Le drapeau composé d'un aigle et d'un bras armé est le drapeau du Connacht (ouest de l'Ile ; prononcer conaôt). L'aigle est celui du clan des Browns, qui dirigeait Galway (capitale du Connacht) et le bras armé est le symbole des O'Connor, qui dirigeait la région avant l'invasion normande.

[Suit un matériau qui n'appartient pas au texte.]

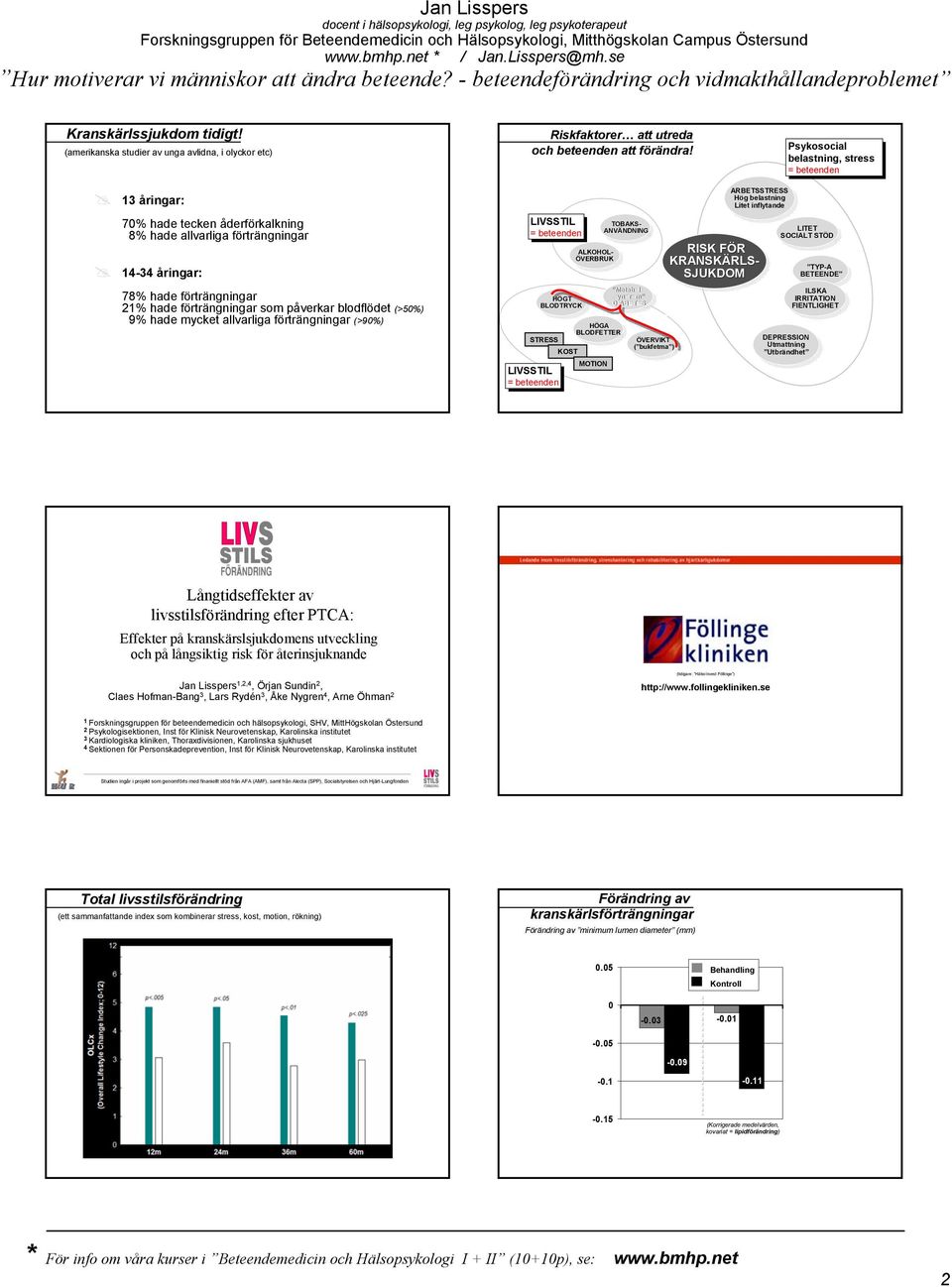 (>50%) 9% hade mycket allvarliga förträngningar (>90%) LIVSSTIL ARBETSSTRESS ARBETSSTRESS Hög Hög g belastning belastning Litet Litet inflytande inflytande TOBAKS- TOBAKS- ANVÄNDNING ANVÄNDNING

La harpe, symbole de l'Irlande (vous la verrez sur les euros irlandais), est le drapeau du Leinster (est de l'Ile), où se trouve Dublin. C'est le premier drapeau des indépendantistes irlandais, lors de leurs premiers soulèvement en 1798 et dans les années 1830-1840, d'où son adoption comme symbole héraldiqueArmes de l'Irlande. Mais le vert étant trop associé aux catholiques irlandais, le drapeau tricolore sera adopté en 1917 par le Sinn Fein : le vert pour les catholiques, l'orange pour les protestant, partisans de Guillaume d'Orange à la bataille du Boyle le 1er juillet 1690, et le blanc pour symboliser la paix entre ces communautés.Draoeau de la République d'Irlande

Notons toutefois que l'International Rugby Board (IRB) a contribué à compliquer les choses : quand l'équipe joue à Dublin, elle peut lever le drapeau tricolore et jouer l'hymne national Irlandais après Ireland's call. Mais la tradition de jouer le God Save The Queen quand l'équipe joue à Belfast a été abandonnée, l'IRB estimant que dans ce cas, l'Irlande ne jouait pas à domicile.

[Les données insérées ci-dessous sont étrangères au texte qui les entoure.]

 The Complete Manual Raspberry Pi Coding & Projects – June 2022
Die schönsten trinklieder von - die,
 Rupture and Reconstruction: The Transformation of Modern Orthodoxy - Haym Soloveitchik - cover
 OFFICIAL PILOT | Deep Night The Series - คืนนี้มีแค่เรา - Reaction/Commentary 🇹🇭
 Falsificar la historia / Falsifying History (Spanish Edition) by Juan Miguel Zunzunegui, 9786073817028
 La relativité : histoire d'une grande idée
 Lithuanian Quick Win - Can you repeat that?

Si la harpe est le symbole officiel de l'Irlande, son symbole le plus connu est aussi non officiel : c'est le trèfle. La légende dit que Saint Patrick, patron de l'Irlande et évangélisateur de l'île, a utilisé cette plante pour expliquer le mystère de la trinité aux païens. C'est ce symbole qu'arbore sur son plastron l'équipe de rugby irlandaise, sous la forme du logo de l'IRFU, l'Irish Rugby Football Union. Symbole de l'équipe d'Irlande Rappelons en effet que le nom officiel du rugby en anglais est le rugby football pour le sport en général, et le rugby union pour le rugby à XV (le rugby à XIII s'appelant rugby league).

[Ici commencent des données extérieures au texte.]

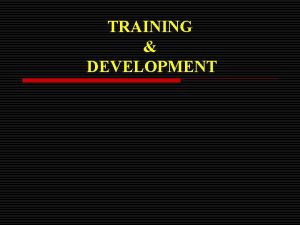 TRAINING DEVELOPMENT Meaning Training This term is often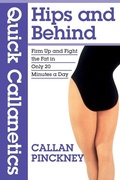 Cover: Quick Callanetics - Hips and Behind - Precious Peach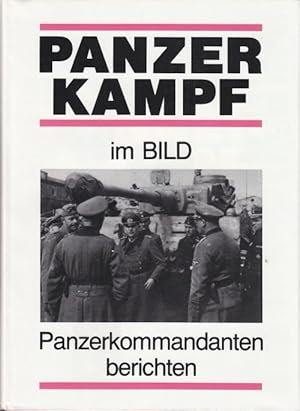 Panzerkampf im Bild. Panzerkommandanten berichten.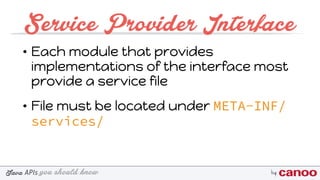 you should knowJava byAPIs
Service Provider Interface
• Each module that provides
implementations of the interface most
provide a service file
• File must be located under META-INF/
services/
 
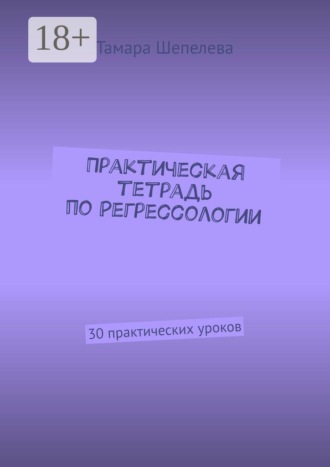 Тамара Шепелева. Практическая тетрадь по Регрессологии. 30 практических уроков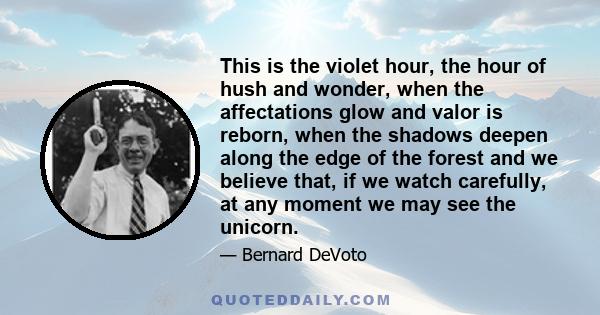 This is the violet hour, the hour of hush and wonder, when the affectations glow and valor is reborn, when the shadows deepen along the edge of the forest and we believe that, if we watch carefully, at any moment we may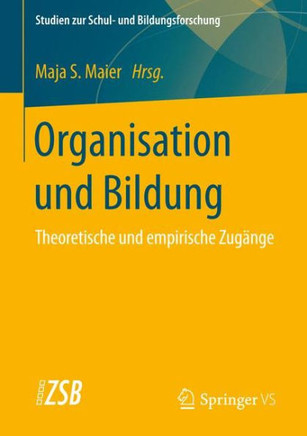 Organisation Und Bildung: Theoretische Und Empirische Zug?nge Organisation Und Bildung: Theoretische Und Empirische Zug?nge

L'équipe d'Irlande est une vieille connaissance, puisque nous l'affrontons chaque année dans le cadre du tournoi des Six nations. Jusqu'à l'entrée de l'Italie, l'Irlande était abonnée à la dernière place dans les années 90. Le début des années 2000 a été une période faste, grâce à des joueurs d'exception comme Keith Wood, maintenant retraité (il représentait l'Irlande à la cérémonie d'ouverture) ou Brian O'Driscoll, encore en activité. L'Irlande a ainsi fini 2e du tournoi cette année derrière la France, tout comme en 2006, en remportant la Triple couronne à chaque fois, c'est à dire en battant toutes les équipes britanniques dont l'Angleterre (dont une vitoire à Twickenham le 18 mars 2006, le lendemain de la Saint-Patrick, fête nationale irlandaise).

Cette période faste semble terminée, et le XV au trèfle ne semble pas au sommet de sa forme depuis le début de cette coupe du monde. Mais ce n'est pas un adversaire à prendre à la légère. Le match sera nettement moins déséquilibré que France Namibie. Mettez la Guinness au frais, et n'hésitez pas à aller voir ce match dans un pub irlandais. Les irlandais sont un public formidable, et il n'y a aucun antagonisme avec la France.

Et bien évidemment... ALLEZ LES BLEUS ! ! !

Notes

[1] Certes, l'Ecosse et le Pays de Galles font partie du Royaume-Uni, mais sont bien des nations autonomes inscrites en tant que telles aux fédérations internationales de football et de rugby.